L’artiste raconte à sa façon l’histoire de son père, placé par ses parents chez d’autres paysans alors qu’il n’avait pas encore douze ans. Un album singulier qui ne laisse pas indifférent.

C’est un livre en langue allemande pas comme les autres qui a remporté le Prix de la meilleure bande dessinée suisse au festival de Delémont’BD en 2022. Starkes Ding de l’illustratrice saint-galloise Lika Nüssli a fait également partie des sept œuvres sélectionnées pour le Prix suisse de littérature par l’Office fédéral de la culture en 2023 et son design singulier lui a valu d’être considéré parmi les 20 plus beaux livres suisses de l’année. Traduite par Camille Logoz pour les éditions genevoises Atrabile, Une enfance de paille permet depuis le mois de mai au public francophone de profiter de l’impressionnante BD.
 

Née en 1973 à Flawil, Lika Nüssli a suivi une formation en design textile à Herisau avant d’étudier l'illustration à la Haute École d’art et de design de Lucerne. Depuis 20 ans, elle est basée à Saint-Gall et travaille comme artiste indépendante, réalisant des dessins, des peintures mais aussi des installations et des performances (son site: likanuessli.ch).

Lika Nüssli n’est pas une nouvelle venue dans le monde de la bande dessinée ; en 2016 elle bénéficiait d’une bourse BD des villes de Suisse alémanique et quatre ans plus tard d’une aide de Pro Helvetia. Des coups de pouce qui ont porté leurs fruits, au regard de la qualité et de l’originalité de Starkes Ding.

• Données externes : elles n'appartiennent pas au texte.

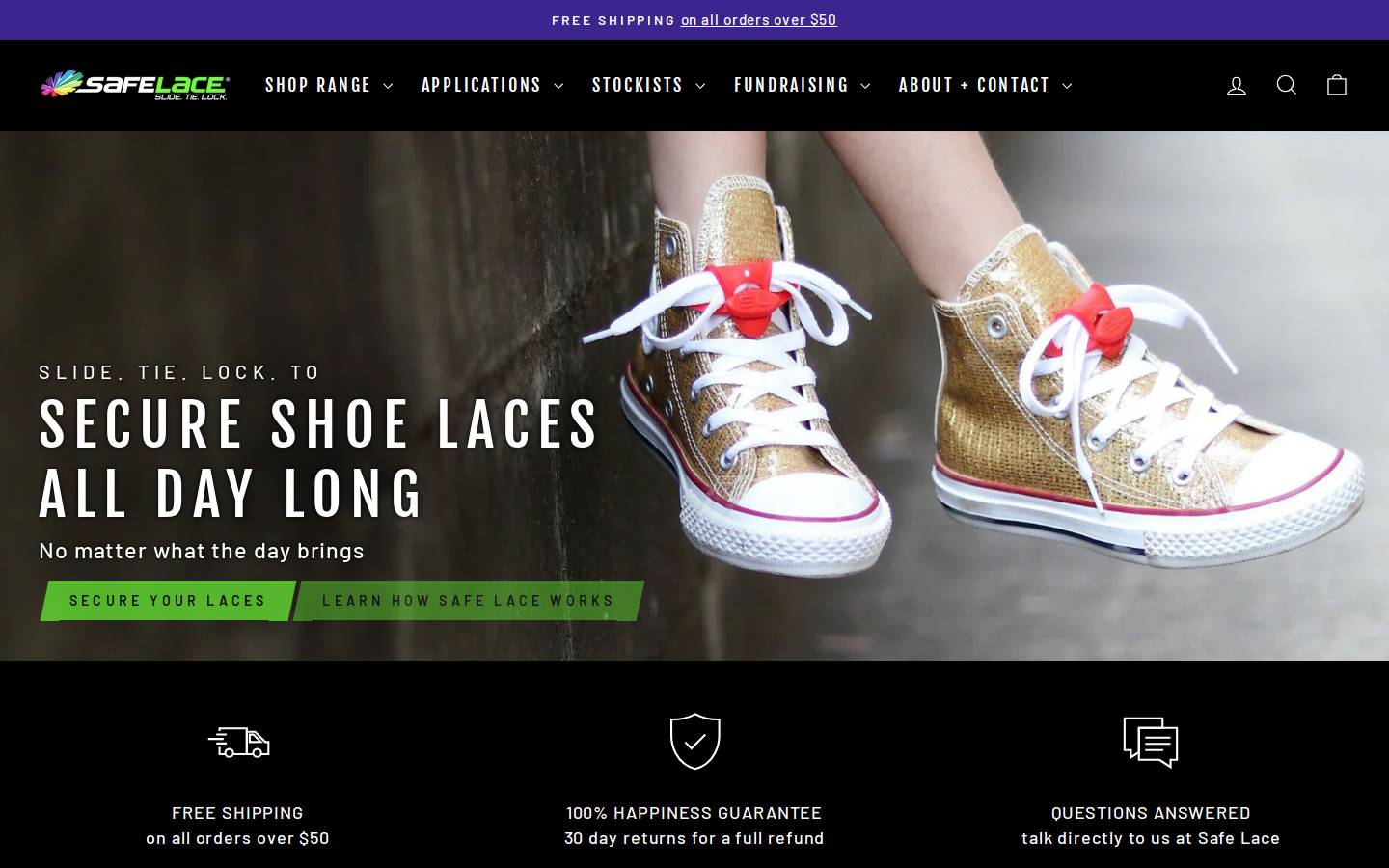 safelaces.com homepage screenshot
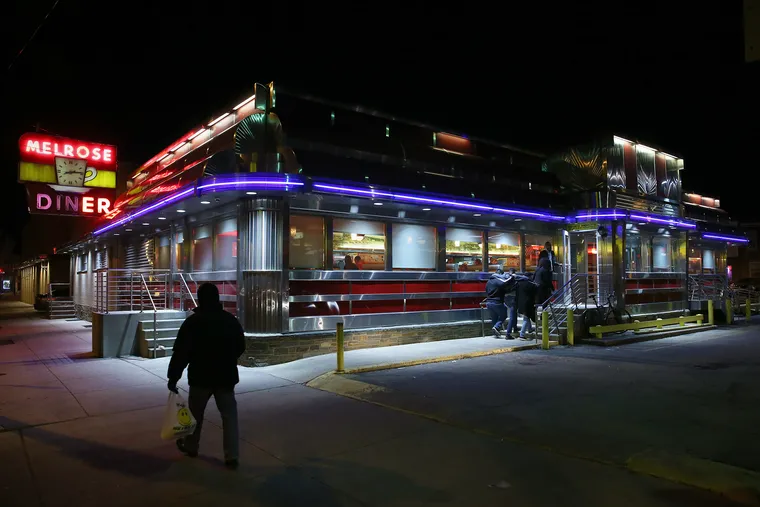 The Melrose Diner is pictured in South Philadelphia in the early hours of Feb. 10, 2019. Reports that the famed diner might be slated for demolition have one loyal customer feeling nostalgic.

Une enfance pauvre mais pas malheureuse

Dans Une enfance de paille, Lika Nüssli raconte l’histoire d’Ernst. Ernst signifie sérieux en allemand, mais le garçonnet décrit dans la BD, qui vit entouré d’une fratrie nombreuse (six frères et sœurs) et davantage encore d’animaux (vingt poules, dix vaches, huit veaux et j’en passe) est d’un naturel plutôt joyeux. Sa famille est pauvre, Ernst ne possède pas de sous-vêtements, il a droit à un œuf au plat rien que pour lui qu’un seul jour par an – celui de son anniversaire – et il doit constamment aider ses parents paysans. Mais il n’a rien connu d’autre et trouve toutes sortes de sources de joie dans son quotidien empreint de nature: il adore faire voler les poules en les jetant par la fenêtre (quand son père n’est pas dans les parages), se battre avec ses frères ou rivaliser avec eux pour voir qui arrivera à porter la plus grosse meule de foin sur son dos. Ernst connaît les animaux de la ferme par leur prénom et trouve Trudi, la fille de l’école ménagère rurale qui aide la famille, jolie et gentille.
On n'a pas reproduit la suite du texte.